Che ne pensa del dibattito che da anni perseguita gli scrittori? Mi riferisco all’idea di letteratura e verità veicolata dalle categorie fiction, autofiction e altre ancora. Non trova che un autore debba (anche) mentire per raccontare una verità?
«Dipende da come la si mette: che si debba mentire per dire la verità è per molti un ottimo pretesto per giocare sulle ambiguità di una possibile sovrapposizione tra io narrante e autore, per questi scrittori la non perfetta congruenza tra il personaggio a cui prestano il nome e se stessi è una risorsa narrativa, chiamano il loro protagonista con il proprio nome e gli fanno compiere ogni genere di peripezia. Per altri autori quella non perfetta congruenza è un problema, che vivono e mostrano sulla pagina come tale. Non solo nella scrittura, anche nell’arte. Penso a Philippe Forest e Annie Ernaux, ma anche a Sophie Calle, Marina Abramovic, Werner Herzog. Io mi sento più vicino a questi ultimi».
Da "Storia di pazzi e di normali" a "Sulla corsa", Trieste si mostra in diverse forme, due i temi fondamentali: la follia e il confine, insomma in qualche modo c’è sempre l’idea di andare oltre…
«A Trieste ho cominciato sia a correre che a scrivere. Ormai da anni ci torno solo in vacanza, ma resta la mia città interiore. Trieste è un’idea della mente, è giusto immaginarla come un limite e al tempo stesso la continua sperimentazione, oserei dire il crash test, di questo limite.
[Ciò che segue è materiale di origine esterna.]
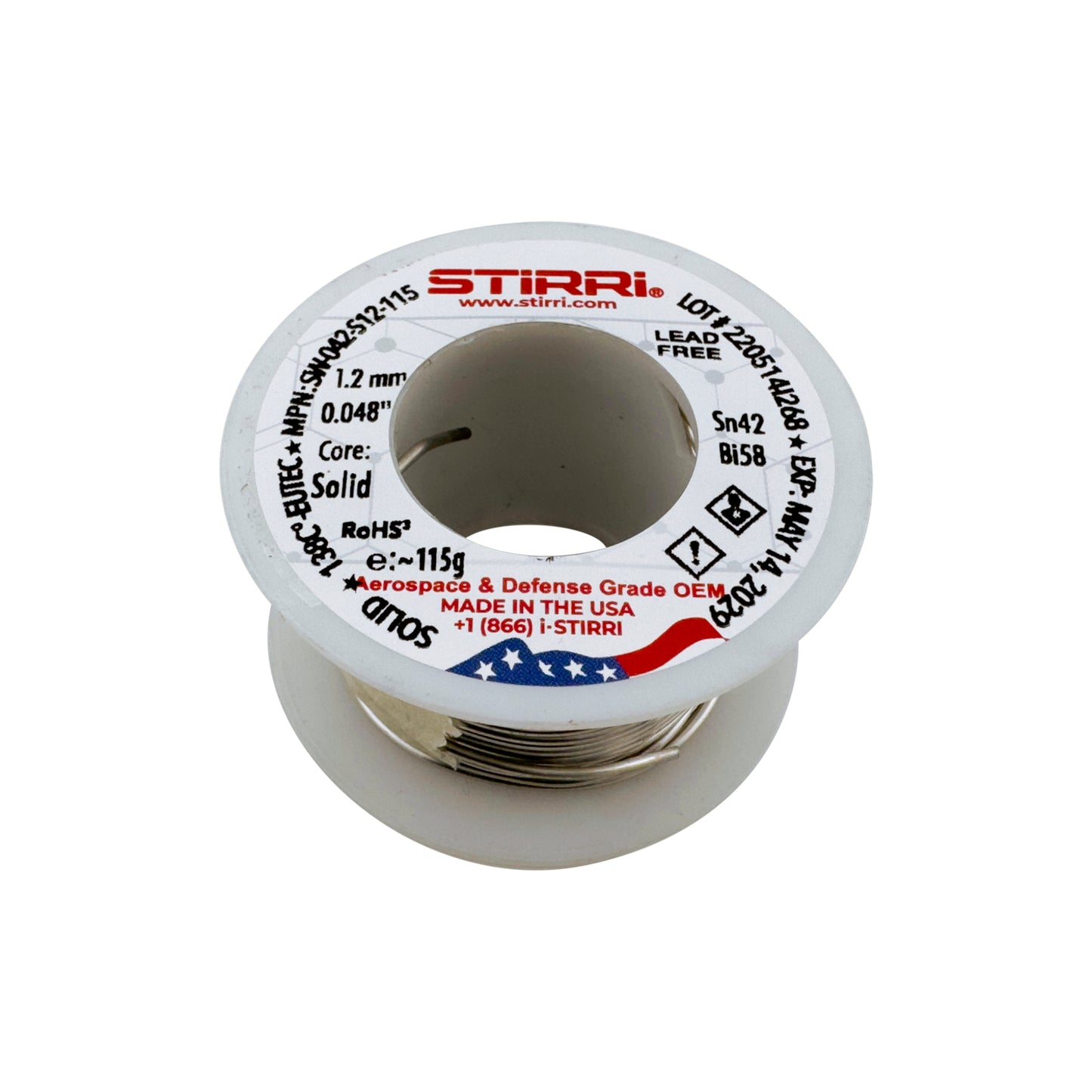 LT-042 - Sn42Bi58 low-temperature lead-free solder wire - 115g spool (4oz)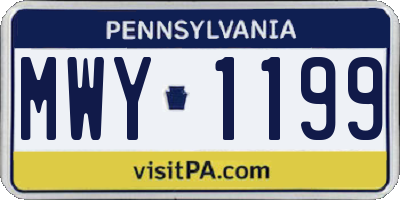 PA license plate MWY1199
Serve un confine per sconfinare. Ma il confine è anche la condizione di ogni forma».
Quali sono i suoi modelli letterari?
«A quelli già citati, aggiungerei Coetzee, il lavoro sull’autobiografia compiuto da Canetti e da Bernhard, la Simone Weil dei Quaderni, l’elenco sarebbe lungo… Ma questo libro in particolare è debitore nei confronti di Staccando l’ombra da terra di Daniele Del Giudice. Del Giudice non vola più, ma è stato un appassionato pilota e in quel libro ha raccontato l’esperienza del volo come nessun altro. Io ho tentato di imitarlo raccontando l’esperienza della corsa».
Nel libro sfilano diversi campioni, tra cui Haile Gebrselassie, che colpisce per la sua genuinità. Com’è stato il vostro incontro?
«Ho avuto la fortuna di incontrare in situazioni più o meno casuali grandi campioni come Orlando Pizzolato e Stefano Baldini, Gebrselassie invece sono andato a cercarlo apposta, ormai quasi vent’anni fa, ad Addis Abeba. All’epoca, oltre a essere detentore di mille record e medaglie olimpiche, era l’uomo più famoso di Etiopia e non è stato semplice riuscire a parlargli. Poi però mi ha dedicato un pomeriggio. Più le mie domande erano filosofiche e più lo facevano ridere. Per lui correre era seguire le tabelle di allenamento, sciropparsi duecento chilometri alla settimana e divertirsi in gara, cioè vincere…».